One more year of pay freeze, contracting cuts in Senate committee recs

A Senate committee is recommending the super committee consider one more year of a federal pay freeze, increases to retirement contributions and a 15 percent cu...

By Jolie Lee
Federal News Radio

A Senate committee is recommending the super committee consider one more year of a federal pay freeze, increases to retirement contributions and a 15 percent cut to contracting at agencies.

On Thursday, Democratic committee leaders in the House advocated protecting federal pay and benefits from further cuts. But the bipartisan letter from the Senate Committee on Homeland Security and Governmental Affairs sent today is calling for more sacrifices from federal employees.

“[W]e are asking many dedicated, hard-working, and patriotic public servants to pay a price for fiscal and economic conditions for which they are not responsible,” according to the letter signed by chairman Sen. Joe Lieberman (I-Conn) and ranking member Sen. Susan Collins (R-Maine).

The 12-member Joint Select Committee on Deficit Reduction — dubbed the super committee — must come up with recommendations by Nov. 23 to make at least $1.5 trillion in cuts to the national debt over the next decade.

Federal employees’ pay is currently frozen through 2012. The Senate letter advocates extending the pay freeze for one more year. The Senate committee also recommends extending the freeze to the legislative branch.

Lieberman and Collins call for an increase of feds’ contributions to the Federal Employee Retirement System, from 0.8 percent to 2.0 percent. This would provide an estimated savings of $21 billion over ten years.

The Senate committee also wants the super committee to require agencies to reduce reliance on management support services contracts by 15 percent in fiscal year 2012. Members also support a cap on federal contractor pay, which both the President and House Democratic committee leaders have supported.

The National Treasury Employees Union called the recommendations from Lieberman and Collins “counterproductive to providing the services our nation depends on.”

“Each of these is a bad idea.
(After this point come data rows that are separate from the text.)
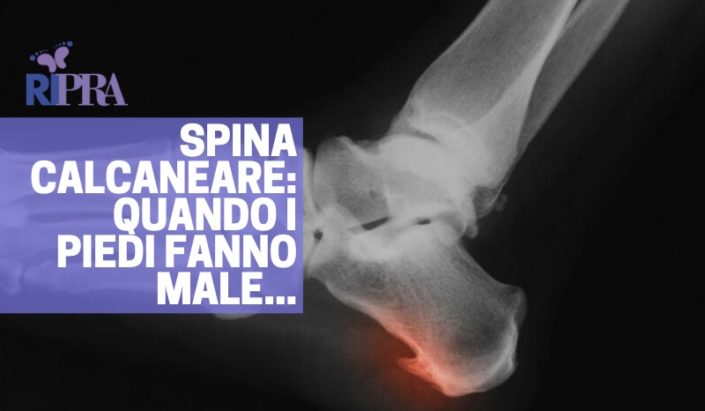 Spina calcaneare: quando i piedi fanno male...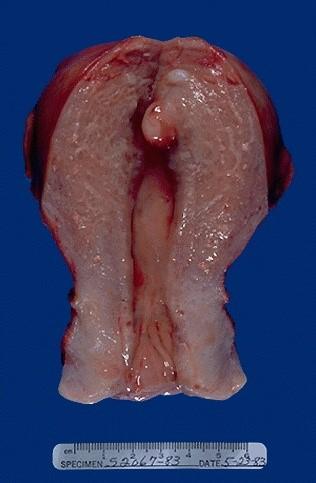 Seen here are submucosal,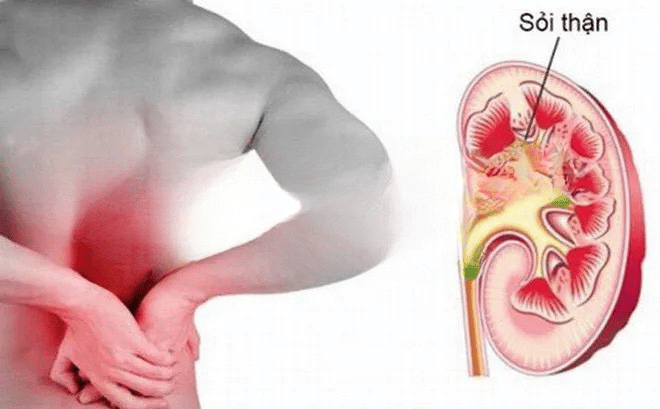 5 MỐI NGUY TỪ CÁC CƠN ĐAU THẮT LƯNG 3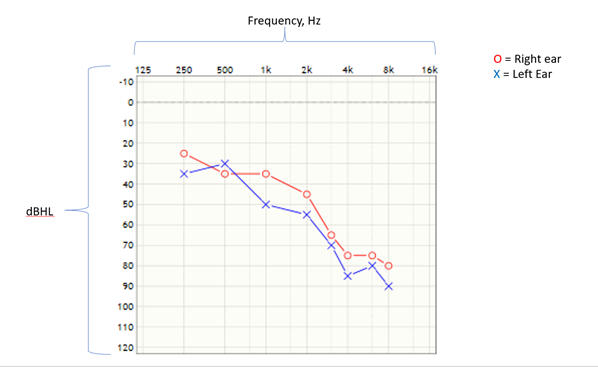 Understanding the degrees of hearing loss | NewSound Hearing Centers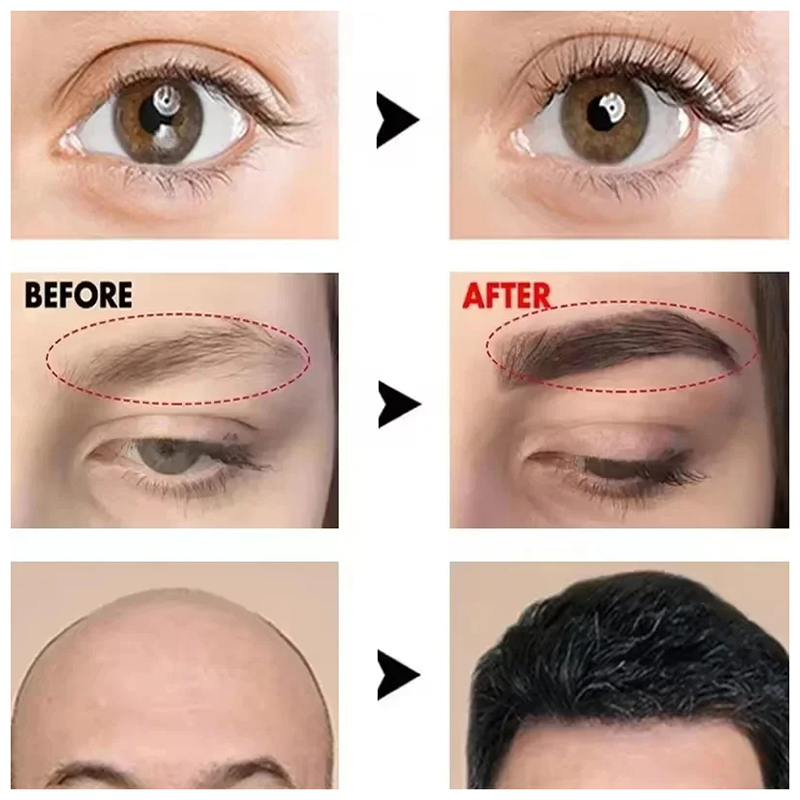 Fast Eyebrow Growth Serum Eyel – Hair Care Oil Serum recenzja i cena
The results would be to degrade the quality and availability of services the American people expect and depend on, put serious roadblocks in the way of agency recruitment and retention efforts, and place an unfair burden on federal workers,” said NTEU President Colleen Kelley in a statement.
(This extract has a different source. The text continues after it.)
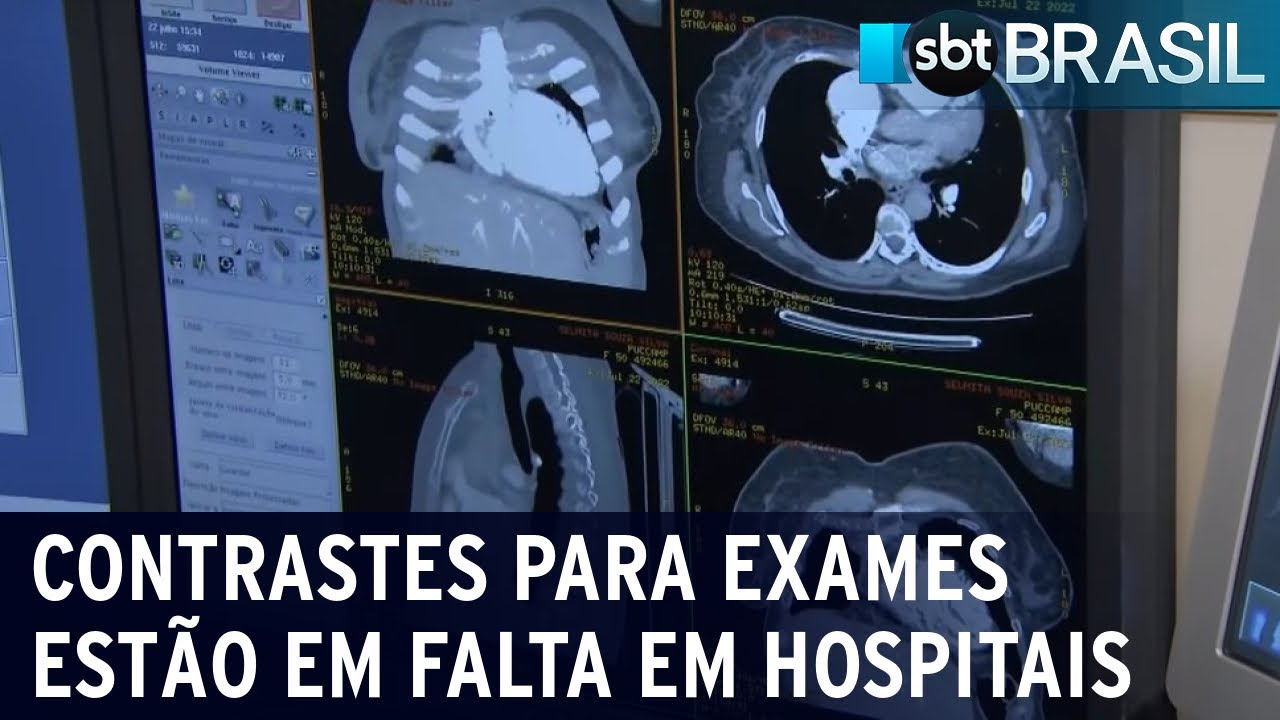 Contrastes para exames estão em falta em hospitais no país | SBT Brasil (22/07/22)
The Senate letter also advocated the administration’s proposal to improve program integrity, specifically at the Internal Revenue Service where revenue is lose in uncollected taxes. The administration is asking for an incremental 10-year “tax enforcement investment” of $350 million, the letter said.

Lieberman and Collins discouraged further spending cuts to the Homeland Security Department “beyond those necessary to meet the spending caps specified in the Budget Control Act,” the letter said. Further cuts “would be unwise, threatening reversal of the progress that has been achieved in creating an integrated department and imperiling the department’s ability to protect our citizens from terrorism and natural disaster.”